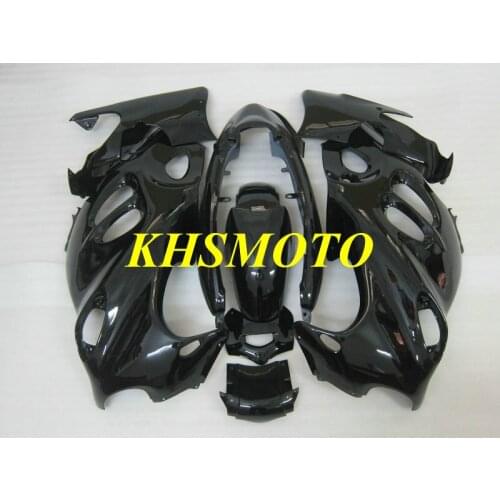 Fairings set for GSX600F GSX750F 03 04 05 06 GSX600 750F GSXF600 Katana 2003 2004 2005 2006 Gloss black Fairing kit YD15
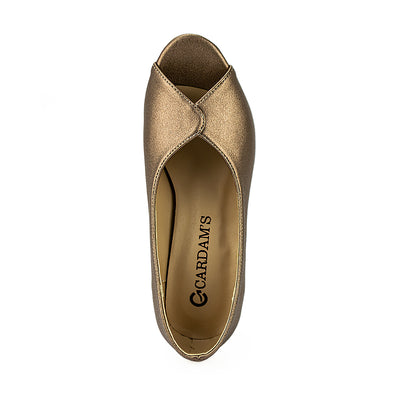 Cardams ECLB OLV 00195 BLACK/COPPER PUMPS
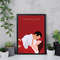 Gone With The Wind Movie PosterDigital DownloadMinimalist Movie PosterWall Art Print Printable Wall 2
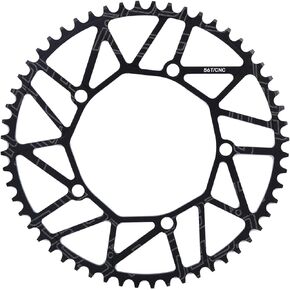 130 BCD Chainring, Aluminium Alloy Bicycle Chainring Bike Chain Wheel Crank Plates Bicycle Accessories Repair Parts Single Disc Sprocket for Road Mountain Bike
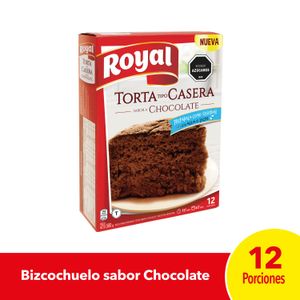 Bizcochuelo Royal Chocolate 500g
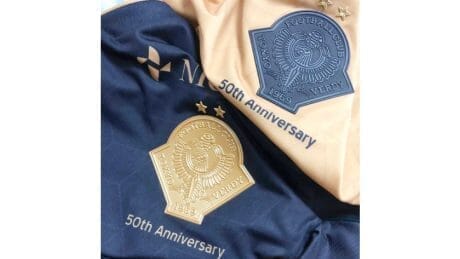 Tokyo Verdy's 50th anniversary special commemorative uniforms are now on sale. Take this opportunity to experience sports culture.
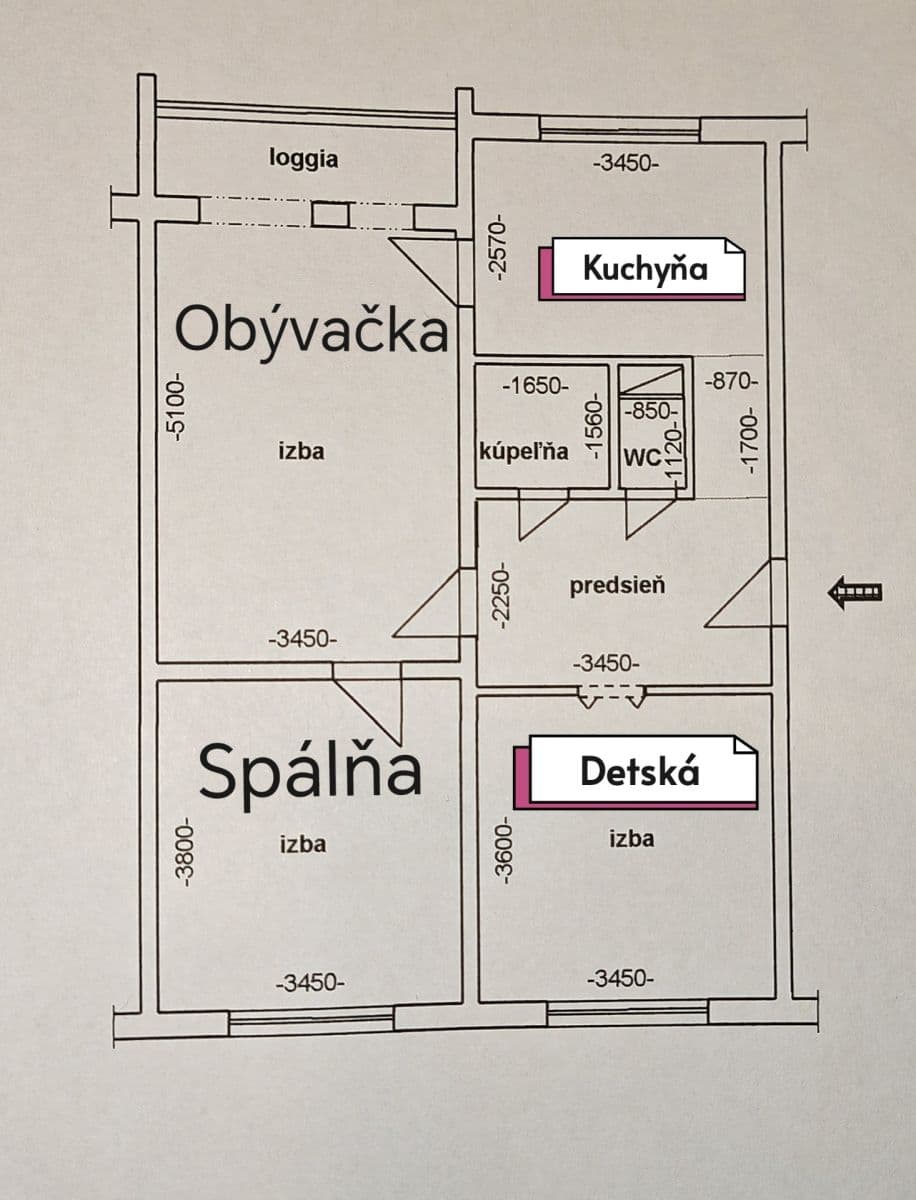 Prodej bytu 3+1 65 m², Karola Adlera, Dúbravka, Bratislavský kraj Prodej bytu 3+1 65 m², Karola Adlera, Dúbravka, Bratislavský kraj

- **ABOUT THIS EXERCISE**: In the listing above, find the line with "Gone With The" and the line with "Tokyo Verdy's 50th". Set down both and every line between them, minus the pictures.

- **RESULT FOR THIS TASK**:
 Gone With The Wind Movie PosterDigital DownloadMinimalist Movie PosterWall Art Print Printable Wall 2
 130 BCD Chainring, Aluminium Alloy Bicycle Chainring Bike Chain Wheel Crank Plates Bicycle Accessories Repair Parts Single Disc Sprocket for Road Mountain Bike
 Bizcochuelo Royal Chocolate 500g
 Tokyo Verdy's 50th anniversary special commemorative uniforms are now on sale. Take this opportunity to experience sports culture.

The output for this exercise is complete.